In the film, our first introduction to our 'demonologists' is when two 20-something girls are explaining that they are being terrorized by a haunted doll. Apparently someone thought that this was scary enough to warrant its own movie despite the doll not being voiced by Brad Dourif.

Now, like The Conjuring and indeed The Amityville Horror, this movie - Annabelle - is supposedly based on a case investigated by Ed and Lorraine Warren.

Ed and Lorraine Warren were, by most accounts, full of shit.  More so than your average ghost hunter, even. Ed has been described as a bully, and was clearly not remotely interested in any serious research - apparently he had a copy of the Simon Necronomicon in his Occult Museum, and would tell people it was one of the oldest and most evil Books of Shadows.

Oh yes, the Occult Museum in The Conjuring is real. And Annabelle the haunted doll lived there! Here she is:

Image source. Oh yeah, baby.
It's a motherfucking Raggedy Anne.

Have you SEEN the doll they're using in the movie?

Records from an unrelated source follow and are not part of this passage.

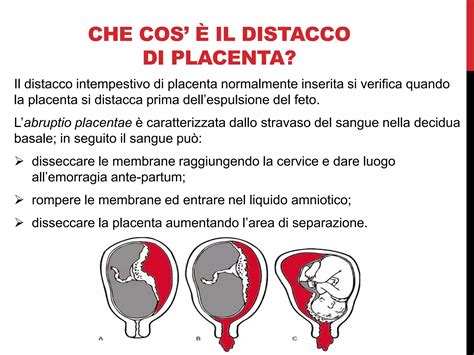 Illustrazione comparativa tra scollamento delle membrane e distacco di placenta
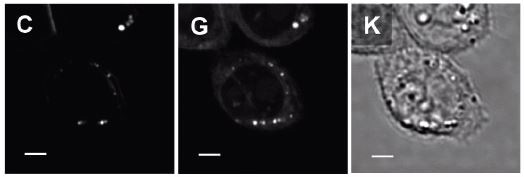 Adapted with permission from [2]. Copyright 2011 American Chemical Society. The figure shows SRS and transmission images of CHO cells incubated for 7 hours in the cell culture medium supplemented with 100µM deuterated palmitic acid (exogenous FA with C-D vibration). Figure 4C shows an SRS image of the C-D vibration and indicates the presence of exogenous FA in LD and cell membranes. Figure 4G shows an SRS image at the C-H vibration of the same cells and shows the distribution of endogenous FA in cells. Notably, the location of LD in 4C and 4G indicates that even when cells are supplemented with exogenous FA, intra-cellular LD contain both endogenous and exogenous FA. This suggests that the cell still synthesizes endogenous FA to facilitate the LD formation. The transmission image in Figure 4K lacks any chemical information found in the SRS images. Scale bar: 5 µm.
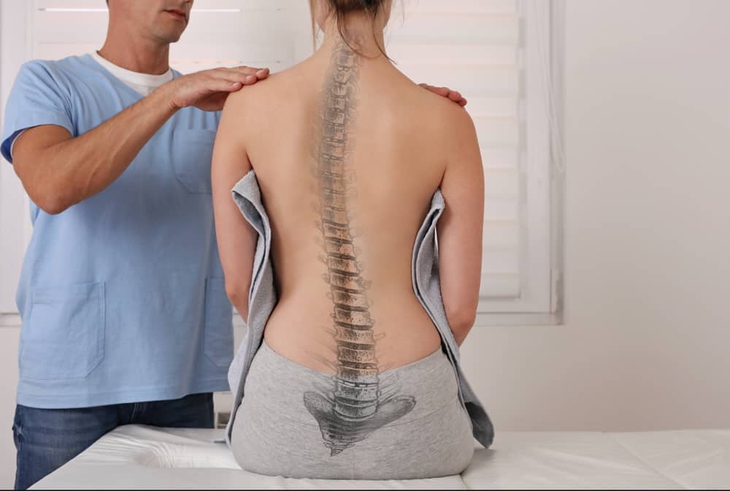 Vẹo cột sống: Nguyên nhân, triệu chứng, phòng ngừa và điều trị- Ảnh 1.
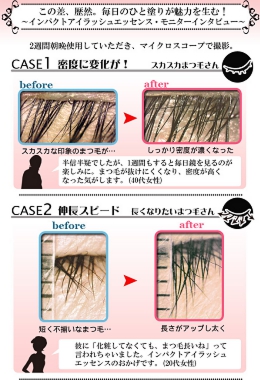 魅惑の女優まつ毛へ！マシュマロコスメ インパクトアイラッシュエッセンス【まつげ美容液】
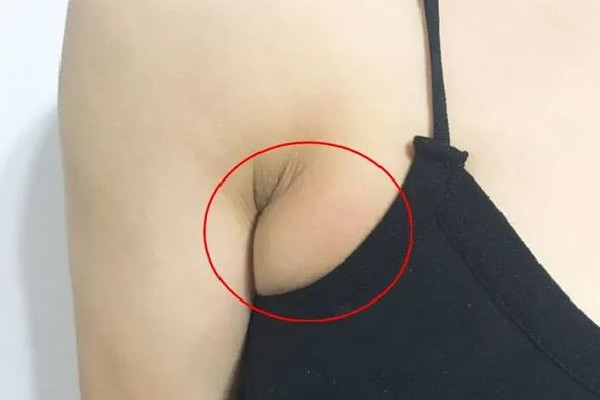 副乳切除手術(shù)什么季節(jié)做最好 副乳切除手術(shù)可以在整形醫(yī)院做嗎 副乳切除手術(shù)什么季節(jié)做最好 副乳切除手術(shù)可以在整形醫(yī)院做嗎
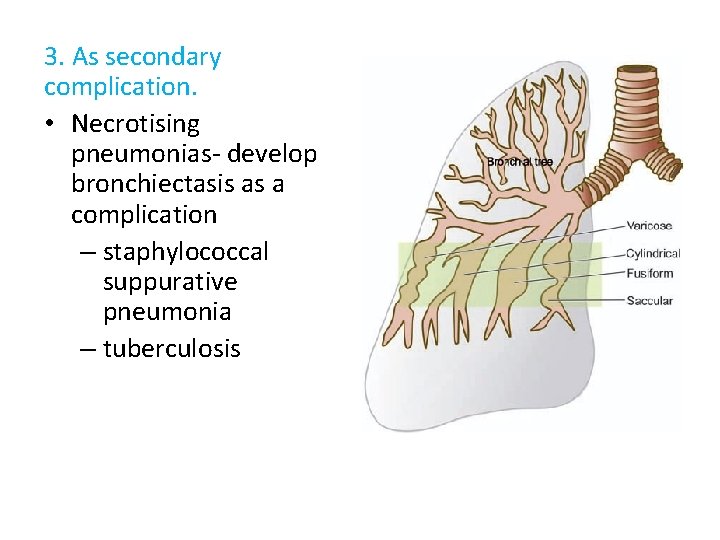 3. As secondary complication. • Necrotising pneumonias- develop bronchiectasis as a complication – staphylococcal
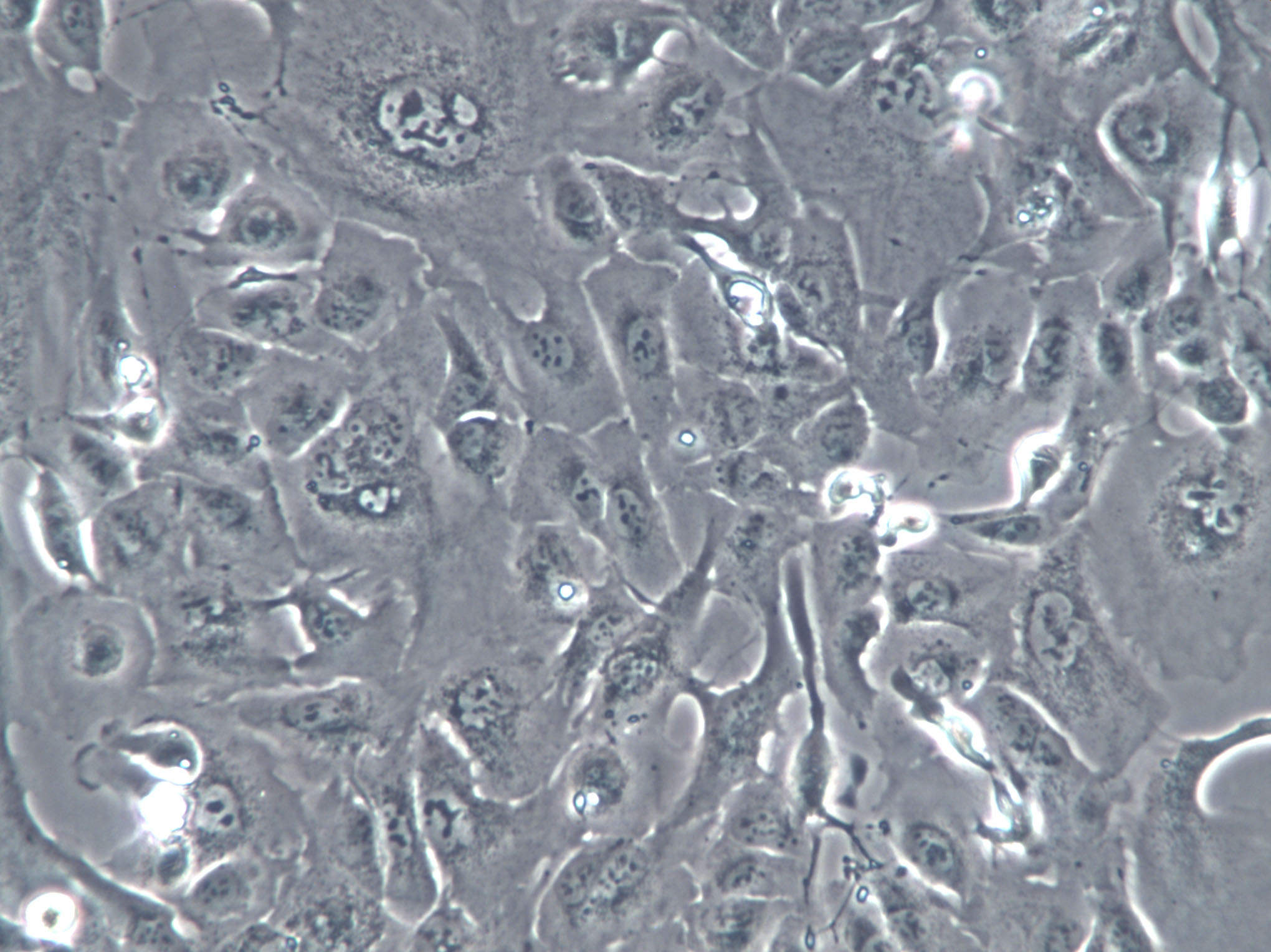 NCI-H2009人肺腺癌复苏细胞(附STR鉴定报告)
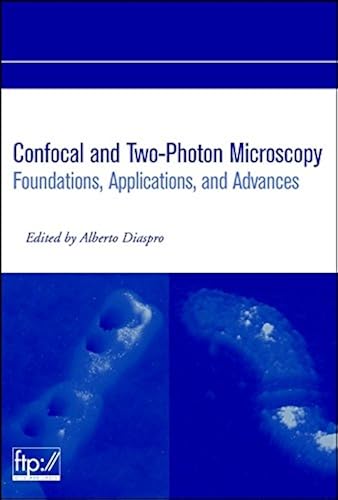 Download Confocal and Two–Photon Microscopy: Foundations, Applications and Advances PDF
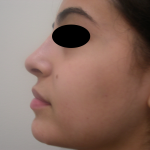 Rhinoplasty Before & After Patient #3856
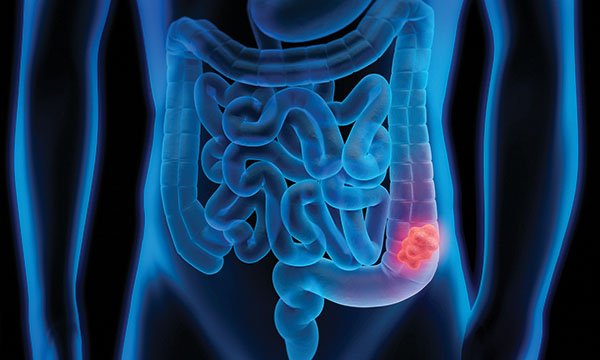 Understanding the routes to diagnosis for colorectal cancer in New Zealand: a protocol paper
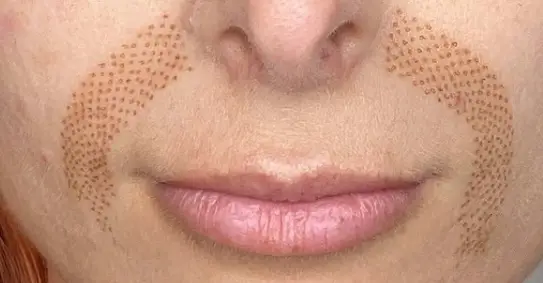 Disparition des rides de la bouche après le skinlift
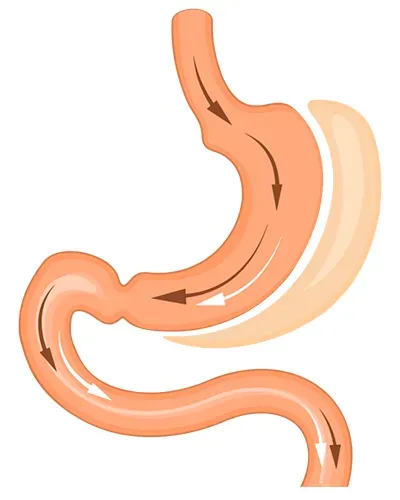 sleeve gastrique 3950 euros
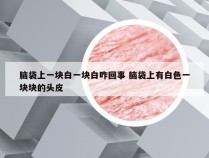 脑袋上一块白一块白咋回事 脑袋上有白色一块块的头皮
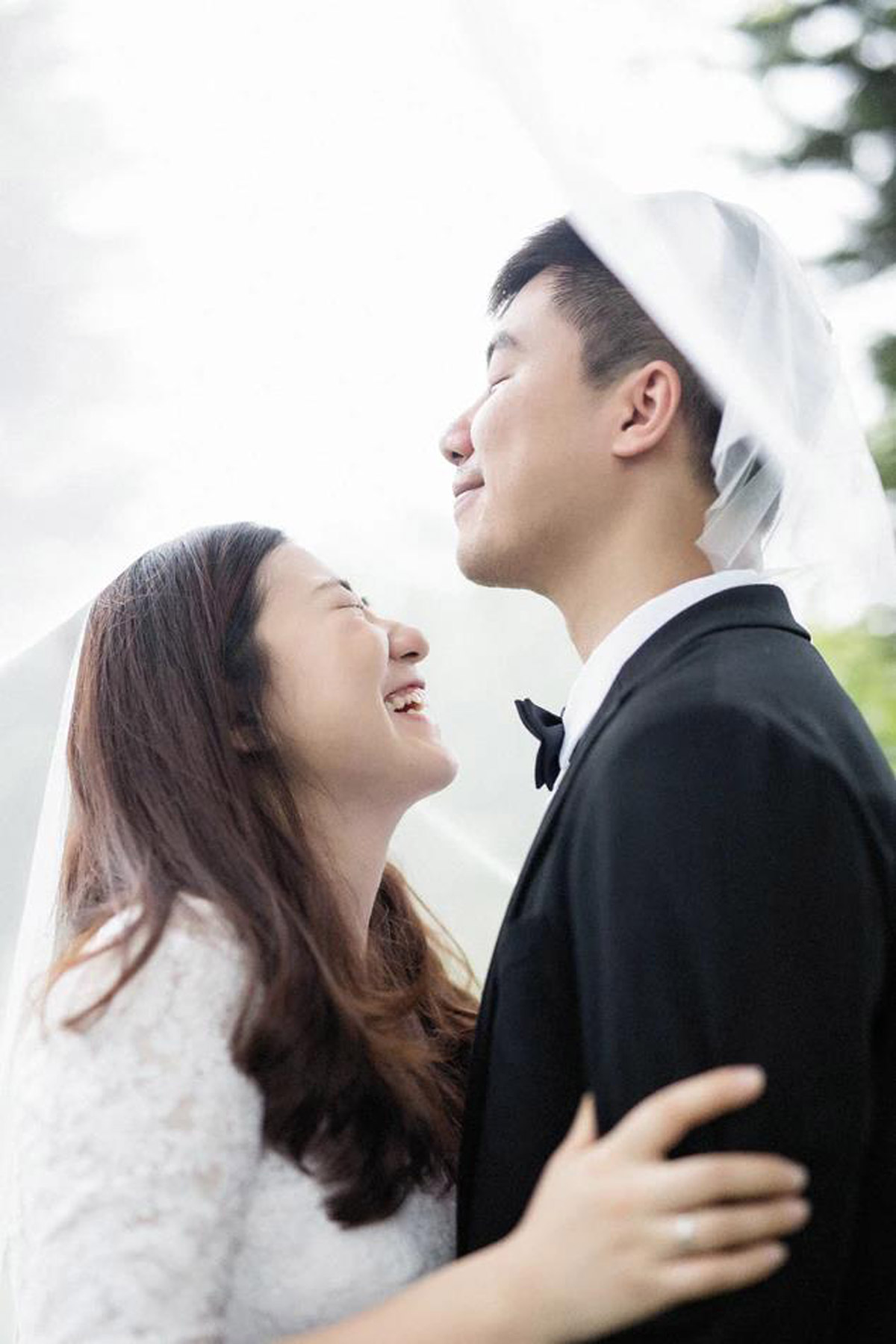 4 Simple Dental Procedures for a Better, Brighter Smile at Your Wedding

THAT'S PRE-POSSESSION. While I understand that the idea of Raggedy Anne chasing you down a hallway is pretty goddamn stupid, who in their right mind buys that terrifying piece of shit for his unborn child? If the father of my child walked into the nursery with that thing I'd be like, "fuck, I might be having a moron child because its dad is so stupid..."

Trailer here. Like, really dude? And she keeps the thing. I realise this is set in the 60s or 70s, but no WAY were you high enough to think that monstrosity was appropriate for a newborn.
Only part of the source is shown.